Tag Archives: Winton
Percy F. Megargel and David F. Fassett, a skilled mechanic from the Reo Factory, can be seen above right in the Reo Mountaineer, after driving from New York City to Portland, Oregon and return. The trip started in the summer of 1905, and the pair arrived back in New York on June 9, 1906, after having traveled close to 12,000 miles.
Two years earlier, there had been three notable transcons: Jackson and Crocker in the Winton, Whitman and Hammond in the Oldsmobile, and Fetch and Krarup in the Packard, all going from west to east.
The Automobile, August 17, 1905, issue tells us the reason for the journey: “Mr. Megargel will make the trip in the interest of the American Motor League, of which association he is a member, the main purpose being to gather reliable data with regard to the condition of the roads, the grades to be encountered, streams to be forded, distances from place to place, available stopping places and gasoline supply houses.”
The top photo is from the Detroit Publishing Company, courtesy of Shorpy. The photo below, from The Horseless Age August 8, 1905 issue, shows Megargel, the Mountaineer and Fassett before leaving New York City in 1905. Full details of the trip can be found in The Automobile June 14, 1906 issue in the center above.
S. B. Stevens stabled his fleet behind his very impressive house in this garage in Rome, NY, were he lived, which is about an hour west of Albany, NY. Stevens appears to have been part of the J.P. Stevens & Co., a large textile firm founded in 1813, that is still operation today.
Stevens could afford the best and at the time and that was a Mercedes-Simplex 60 h.p., one of which with its oval lamps is what you see parked on the far left of the garage. Just to the left of it is a beautiful quarter-sawn oak oil-dispenser with a smaller portable unit on top of it. The walls and ceiling are covered in wainscoting with a high gloss finish and decorated with period lithographs. The windows have the shades drawn, possibly to protect the cars varnished finishes from sun light or to keep excess light from spoiling the photograph.
The second car from the left in this impressive garage is a 1904 or earlier Winton. The car in the middle is an unknown and is likely to be older the its mates to the left. The last two cars on the right, the first being a touring car and the second a roadster have the appearance of being early steamers.
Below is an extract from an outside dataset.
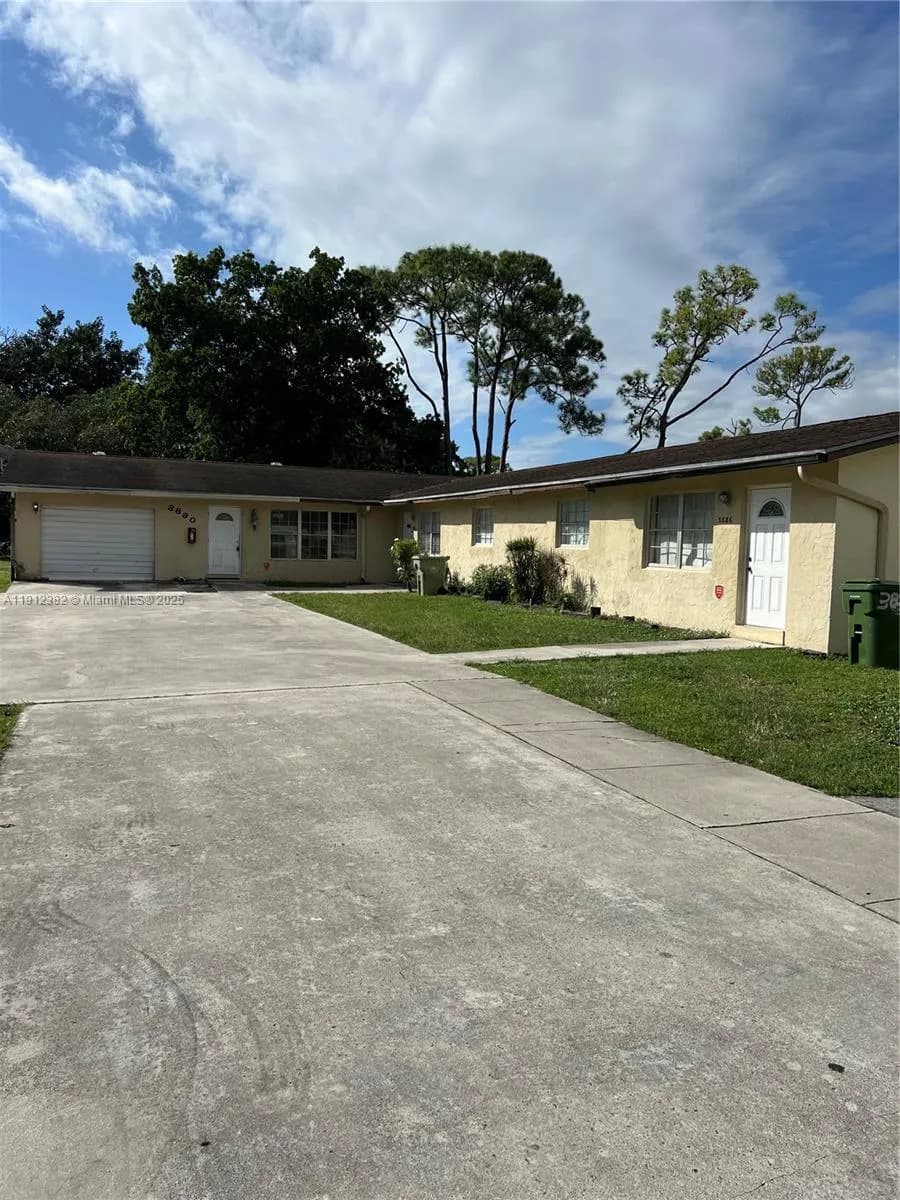 3880 Dale Rd, Palm Springs FL 33406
The garage is also equipped with a hanging lighting fixture in the center of the ceiling and off on the far right, next to the wall can be seen a cast iron radiator, which tells us that it was heated by central heat and was a well equipped and modern garage at the time.
We will show you two more photos of the very impressive house and garage soon, along with the Mercedes, the chauffeur, the footman and also S. B. Stevens posing out in front of the house. We will also include more infor-mation about the 60 h.p. Mercedes, the general design of which, was copied and imitated by most all automobile makers at the time.
The Mercedes was one of the hottest things on wheels then and a S. B. Stevens was an early racer. He is seen just below in the number 28, 60 h.p. Mercedes, racing Sardoni on the beach at Ormond-Daytona in the 1905 Speed meet. Stevens was quite involved with early racing and also had profession drivers race his car for him later on.
If any of our readers can help, we would like to know the following; The makers of the car in the middle of the garage along with the two on the right. Photo above courtesy of Edward Fiore. Photo below from Auto Topics, April 1905 issue.
This great very early photo shows Barney Oldfield and possibly his wife Beatrice posing in what is believed to have been his first Peerless racing car. Barney started driving for Peerless in 1903 and the first event that we were able to find him recorded as driving one, was a race meet in September at Grosse Point, MI., where he won a 5 mile race and finished second in a 15 mile race.
This car that Oldfield is posing in, appears to be very similar to the Peerless that Charles Wridgeway is seen in during 1903 at the New York, Empire City track in just below. The Wridgeway car is stripped of its hood at that meet, but appears to have the very same shape on the wooden dash board, along with sharing many of the other details as the car Oldfield is in. There is a possibility that this is a promotional photo taken, when Oldfield started driving the Green Dragons for Peerless late in 1903. Oldfield was also driving for both Winton ( he quit on April 12) and Ford earlier in 1903.
This photo above comes to us courtesy of Mike Schultz who found it over forty years ago with other Peerless and White steamer photos, one of which had a connection to Atlantic City, NJ. The photo below is from the Peter Helck Collection, courtesy of Racemaker Press.